DURANT, OK -- The initial water contact ban and current water advisory made it a rough year for lake marinas and other businesses. One general manager told us he saw a 20 percent decrease in revenue from the year before. Area cities that depend on the lake are hoping that as water levels go up so will business.
Janet Reed with Durant's chamber of commerce says it has been a struggle for some local businesses to stay afloat after this year's water contact ban and advisory due to the blue-green algae.
"The businesses on the shoreline have taken a hit," Reed said.
Reed says even though the lake is open for fishing and boating, tourists are still hesitant to spend time on the water. Tourism chair Cindy Kirkpatrick explains tourism is vital to communities like Durant because one tourist dollar is passed around city businesses 14 times.
"Everybody needs the tourist dollars. We all need them here. The lake is very important. It's been a recreational lake since it was built," Kirkpatrick said.
Reed says flooding in 2007 and the drought last year have threatened to sink area business, but experts with the army corps of engineers say recent rains could help decrease the algae count.
"Hopefully with the blue-green algae being out of the way, and the drought behind us we can see a future glimpse of what we hope to see Lake Texoma be in the future," Reed said.

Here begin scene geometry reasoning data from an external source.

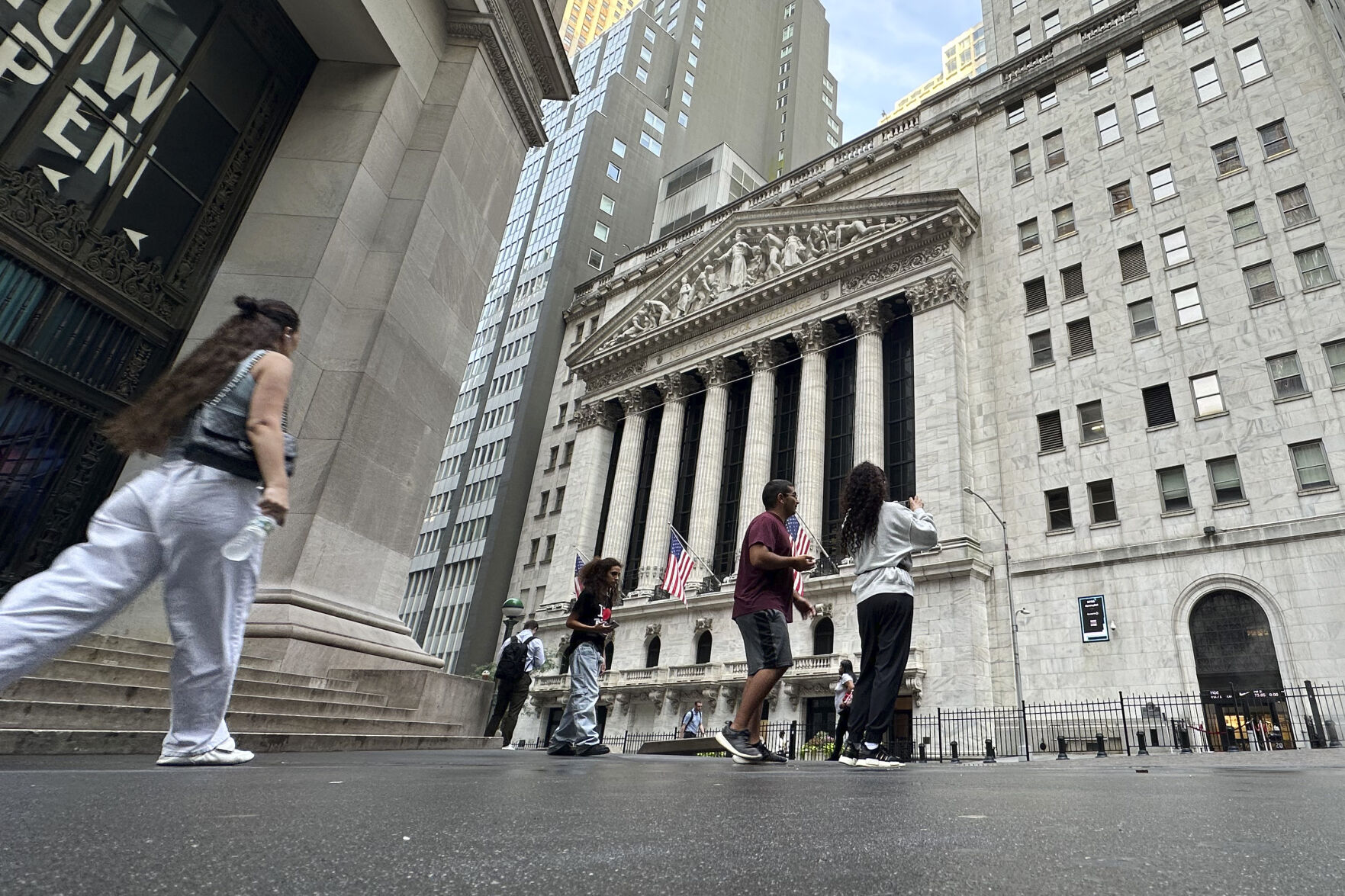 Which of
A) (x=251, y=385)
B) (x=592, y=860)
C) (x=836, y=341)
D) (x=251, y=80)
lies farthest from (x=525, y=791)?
(x=836, y=341)

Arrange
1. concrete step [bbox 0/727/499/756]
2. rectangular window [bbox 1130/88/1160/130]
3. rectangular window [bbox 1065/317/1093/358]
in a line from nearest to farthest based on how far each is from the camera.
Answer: concrete step [bbox 0/727/499/756] → rectangular window [bbox 1065/317/1093/358] → rectangular window [bbox 1130/88/1160/130]

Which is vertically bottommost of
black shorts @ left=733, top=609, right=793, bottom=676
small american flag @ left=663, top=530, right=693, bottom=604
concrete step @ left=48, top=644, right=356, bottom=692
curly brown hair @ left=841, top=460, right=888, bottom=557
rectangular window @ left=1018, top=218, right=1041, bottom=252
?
concrete step @ left=48, top=644, right=356, bottom=692

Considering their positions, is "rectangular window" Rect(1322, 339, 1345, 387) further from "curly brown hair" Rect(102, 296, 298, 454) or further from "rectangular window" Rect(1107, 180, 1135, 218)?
"curly brown hair" Rect(102, 296, 298, 454)

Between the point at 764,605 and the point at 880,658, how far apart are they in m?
1.12

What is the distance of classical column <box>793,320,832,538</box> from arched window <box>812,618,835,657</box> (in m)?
4.22

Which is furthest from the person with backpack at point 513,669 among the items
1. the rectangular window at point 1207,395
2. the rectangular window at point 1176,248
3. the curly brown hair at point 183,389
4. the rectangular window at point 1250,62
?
the rectangular window at point 1250,62

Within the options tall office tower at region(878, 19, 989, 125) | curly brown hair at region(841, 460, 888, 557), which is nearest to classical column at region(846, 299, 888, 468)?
curly brown hair at region(841, 460, 888, 557)

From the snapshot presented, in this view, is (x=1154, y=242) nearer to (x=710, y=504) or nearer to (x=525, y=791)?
(x=710, y=504)

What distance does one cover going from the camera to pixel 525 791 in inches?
117

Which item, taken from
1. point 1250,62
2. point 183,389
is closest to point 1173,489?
point 1250,62

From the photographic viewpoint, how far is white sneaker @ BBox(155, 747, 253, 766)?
11.9 ft

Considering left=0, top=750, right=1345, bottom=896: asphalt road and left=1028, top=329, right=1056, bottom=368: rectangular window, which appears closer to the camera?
left=0, top=750, right=1345, bottom=896: asphalt road

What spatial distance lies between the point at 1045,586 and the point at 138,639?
1061 inches

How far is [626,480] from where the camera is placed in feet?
141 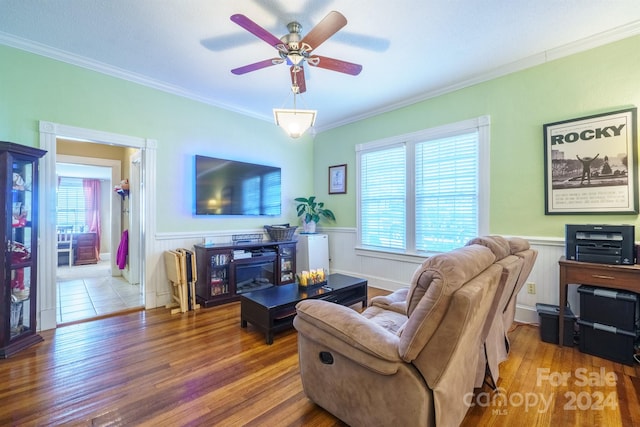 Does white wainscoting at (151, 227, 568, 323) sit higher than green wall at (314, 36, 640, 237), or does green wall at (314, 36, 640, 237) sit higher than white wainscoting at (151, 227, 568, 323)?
green wall at (314, 36, 640, 237)

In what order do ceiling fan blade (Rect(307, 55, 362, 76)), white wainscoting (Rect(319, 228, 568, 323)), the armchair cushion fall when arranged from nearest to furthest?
the armchair cushion, ceiling fan blade (Rect(307, 55, 362, 76)), white wainscoting (Rect(319, 228, 568, 323))

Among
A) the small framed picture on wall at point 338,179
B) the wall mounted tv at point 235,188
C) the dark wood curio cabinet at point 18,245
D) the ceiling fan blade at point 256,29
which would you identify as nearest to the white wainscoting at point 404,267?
the small framed picture on wall at point 338,179

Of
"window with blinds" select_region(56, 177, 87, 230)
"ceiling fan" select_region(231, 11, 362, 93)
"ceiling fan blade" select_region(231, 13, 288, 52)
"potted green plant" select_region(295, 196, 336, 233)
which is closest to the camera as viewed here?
"ceiling fan blade" select_region(231, 13, 288, 52)

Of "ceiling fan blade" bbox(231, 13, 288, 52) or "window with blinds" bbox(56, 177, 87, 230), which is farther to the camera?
"window with blinds" bbox(56, 177, 87, 230)

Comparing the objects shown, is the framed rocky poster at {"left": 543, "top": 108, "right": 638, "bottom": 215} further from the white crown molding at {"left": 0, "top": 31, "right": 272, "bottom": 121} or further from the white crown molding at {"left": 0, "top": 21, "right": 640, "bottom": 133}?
the white crown molding at {"left": 0, "top": 31, "right": 272, "bottom": 121}

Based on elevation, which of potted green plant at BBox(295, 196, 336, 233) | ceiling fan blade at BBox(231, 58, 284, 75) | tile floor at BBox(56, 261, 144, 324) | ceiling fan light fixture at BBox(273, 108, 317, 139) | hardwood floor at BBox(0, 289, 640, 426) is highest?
ceiling fan blade at BBox(231, 58, 284, 75)

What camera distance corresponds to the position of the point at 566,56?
2699 mm

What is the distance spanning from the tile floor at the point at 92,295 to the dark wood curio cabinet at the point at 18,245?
0.57 meters

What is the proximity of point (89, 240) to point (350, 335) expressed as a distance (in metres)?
7.68

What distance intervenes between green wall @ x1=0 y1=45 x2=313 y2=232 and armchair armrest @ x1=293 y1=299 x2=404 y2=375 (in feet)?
9.24

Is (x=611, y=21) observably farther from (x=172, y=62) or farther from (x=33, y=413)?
(x=33, y=413)

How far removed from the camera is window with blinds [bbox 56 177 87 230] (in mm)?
7203

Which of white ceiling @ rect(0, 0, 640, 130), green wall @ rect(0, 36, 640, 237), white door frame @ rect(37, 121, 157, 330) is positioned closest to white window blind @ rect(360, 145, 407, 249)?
green wall @ rect(0, 36, 640, 237)

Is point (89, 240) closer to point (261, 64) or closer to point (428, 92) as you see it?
point (261, 64) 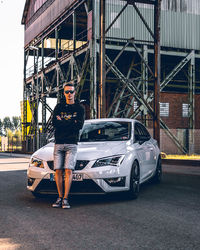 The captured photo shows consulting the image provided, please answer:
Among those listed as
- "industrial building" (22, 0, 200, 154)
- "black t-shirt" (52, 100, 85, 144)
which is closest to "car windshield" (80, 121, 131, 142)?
"black t-shirt" (52, 100, 85, 144)

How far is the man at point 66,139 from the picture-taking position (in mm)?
6188

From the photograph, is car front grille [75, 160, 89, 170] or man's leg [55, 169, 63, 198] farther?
car front grille [75, 160, 89, 170]

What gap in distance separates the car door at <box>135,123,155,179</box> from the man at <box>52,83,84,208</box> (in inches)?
69.1

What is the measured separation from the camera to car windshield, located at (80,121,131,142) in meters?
7.59

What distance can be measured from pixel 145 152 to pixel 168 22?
1910cm

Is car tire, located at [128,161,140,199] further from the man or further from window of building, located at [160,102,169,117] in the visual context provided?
window of building, located at [160,102,169,117]

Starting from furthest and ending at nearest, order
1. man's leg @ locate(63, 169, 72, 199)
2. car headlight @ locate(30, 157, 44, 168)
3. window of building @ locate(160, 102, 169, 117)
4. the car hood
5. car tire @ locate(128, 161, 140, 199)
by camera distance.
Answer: window of building @ locate(160, 102, 169, 117)
car tire @ locate(128, 161, 140, 199)
car headlight @ locate(30, 157, 44, 168)
the car hood
man's leg @ locate(63, 169, 72, 199)

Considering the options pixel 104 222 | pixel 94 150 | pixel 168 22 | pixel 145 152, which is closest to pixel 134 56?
pixel 168 22

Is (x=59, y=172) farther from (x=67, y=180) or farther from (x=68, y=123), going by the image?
(x=68, y=123)

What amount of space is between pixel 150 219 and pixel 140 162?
2232 mm

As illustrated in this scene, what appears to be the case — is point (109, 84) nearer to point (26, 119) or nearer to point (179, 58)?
point (179, 58)

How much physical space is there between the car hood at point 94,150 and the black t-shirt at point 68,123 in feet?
1.20

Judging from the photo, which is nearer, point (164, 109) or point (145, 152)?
point (145, 152)

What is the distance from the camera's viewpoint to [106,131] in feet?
25.9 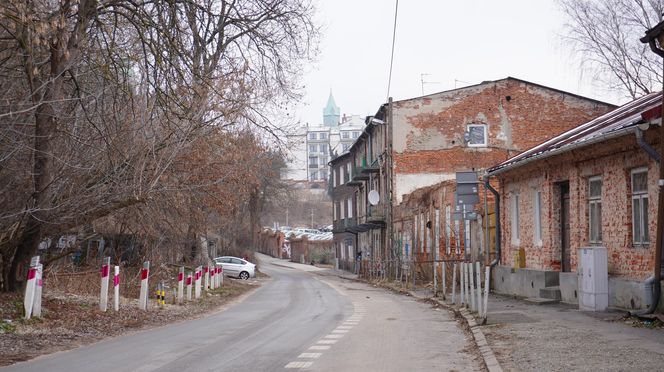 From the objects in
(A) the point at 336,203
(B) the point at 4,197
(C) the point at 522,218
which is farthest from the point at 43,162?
(A) the point at 336,203

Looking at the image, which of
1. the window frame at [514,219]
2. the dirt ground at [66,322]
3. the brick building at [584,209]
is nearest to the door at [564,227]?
the brick building at [584,209]

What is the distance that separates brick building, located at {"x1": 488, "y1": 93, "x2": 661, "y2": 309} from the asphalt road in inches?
140

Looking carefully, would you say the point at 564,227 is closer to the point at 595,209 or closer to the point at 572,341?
the point at 595,209

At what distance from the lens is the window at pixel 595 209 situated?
17719 mm

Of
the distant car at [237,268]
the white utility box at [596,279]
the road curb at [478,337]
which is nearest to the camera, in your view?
the road curb at [478,337]

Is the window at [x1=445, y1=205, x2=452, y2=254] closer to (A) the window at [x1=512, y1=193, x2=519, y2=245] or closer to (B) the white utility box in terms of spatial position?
(A) the window at [x1=512, y1=193, x2=519, y2=245]

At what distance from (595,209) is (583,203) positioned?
1.31 feet

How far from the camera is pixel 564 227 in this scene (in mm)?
20344

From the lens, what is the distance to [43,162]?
1468cm

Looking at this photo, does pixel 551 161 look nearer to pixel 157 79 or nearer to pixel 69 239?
pixel 157 79

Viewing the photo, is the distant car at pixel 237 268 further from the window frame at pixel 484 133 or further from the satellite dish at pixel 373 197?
the window frame at pixel 484 133

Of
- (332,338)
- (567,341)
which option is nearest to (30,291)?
(332,338)

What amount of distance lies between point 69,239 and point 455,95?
23775 mm

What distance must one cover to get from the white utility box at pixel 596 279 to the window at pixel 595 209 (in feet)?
5.41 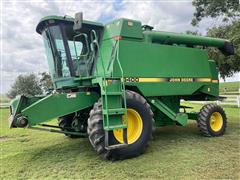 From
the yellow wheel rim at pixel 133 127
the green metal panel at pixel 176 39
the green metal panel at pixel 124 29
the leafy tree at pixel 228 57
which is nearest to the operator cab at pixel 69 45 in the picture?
the green metal panel at pixel 124 29

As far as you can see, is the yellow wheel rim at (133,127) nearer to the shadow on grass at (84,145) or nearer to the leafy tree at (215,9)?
the shadow on grass at (84,145)

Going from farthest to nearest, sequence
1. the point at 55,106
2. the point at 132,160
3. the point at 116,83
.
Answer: the point at 116,83, the point at 55,106, the point at 132,160

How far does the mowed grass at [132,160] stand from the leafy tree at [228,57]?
8.06m

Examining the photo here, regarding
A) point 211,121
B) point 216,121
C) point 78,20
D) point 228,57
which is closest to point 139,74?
point 78,20

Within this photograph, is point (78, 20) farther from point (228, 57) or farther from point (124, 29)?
point (228, 57)

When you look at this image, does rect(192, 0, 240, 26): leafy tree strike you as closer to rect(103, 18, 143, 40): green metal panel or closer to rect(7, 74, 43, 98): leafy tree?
rect(103, 18, 143, 40): green metal panel

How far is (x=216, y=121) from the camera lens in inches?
322

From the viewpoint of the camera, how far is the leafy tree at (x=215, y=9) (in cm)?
1968

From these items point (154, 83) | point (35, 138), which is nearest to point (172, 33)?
point (154, 83)

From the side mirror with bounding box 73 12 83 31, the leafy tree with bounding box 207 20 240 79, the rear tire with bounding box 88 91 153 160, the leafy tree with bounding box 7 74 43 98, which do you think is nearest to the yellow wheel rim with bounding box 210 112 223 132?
the rear tire with bounding box 88 91 153 160

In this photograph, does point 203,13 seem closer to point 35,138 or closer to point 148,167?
point 35,138

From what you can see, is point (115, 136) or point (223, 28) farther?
point (223, 28)

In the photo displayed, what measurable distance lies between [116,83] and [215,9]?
18.3 metres

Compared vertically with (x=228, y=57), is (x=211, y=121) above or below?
below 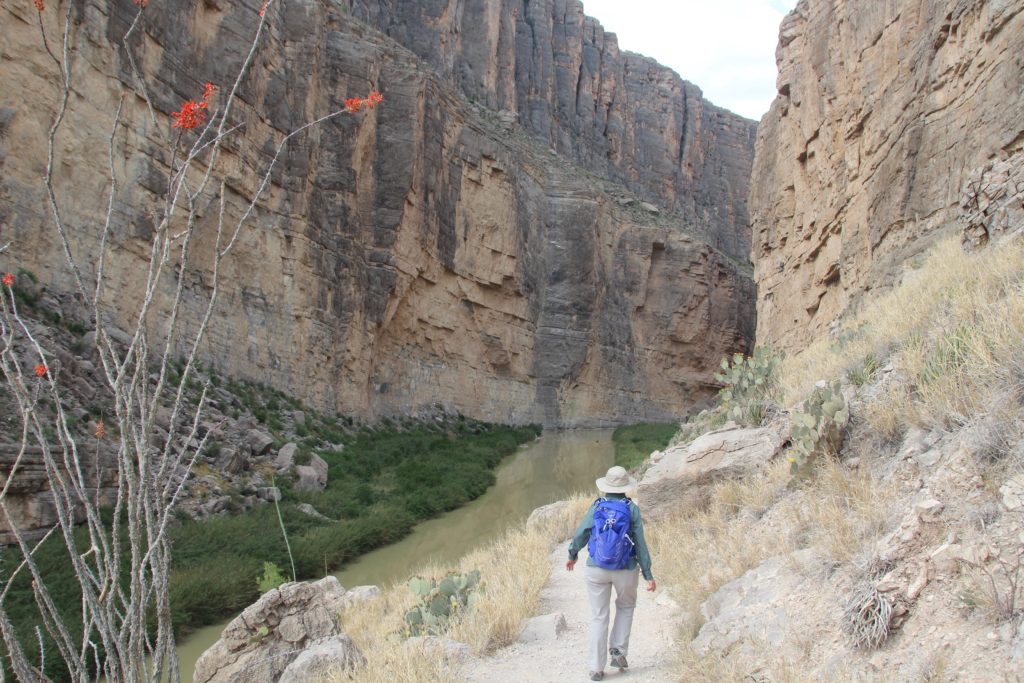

Reed says she wants to get the word out that it is okay to go on the lake as long as boaters and fishers use caution.
Kirkpatrick says she encourages community members not only to spread the word, but to take some time out to enjoy Lake Texoma's attractions and support local businesses.
"Come out and fish. Come and do a walk. Come out and spend the night. Come bring your camping gear. Do something different for a change," Kirkpatrick said.
Area leaders say they are working on creating an attraction on the north side of the lake to attract more visitors to the lake and surrounding communities.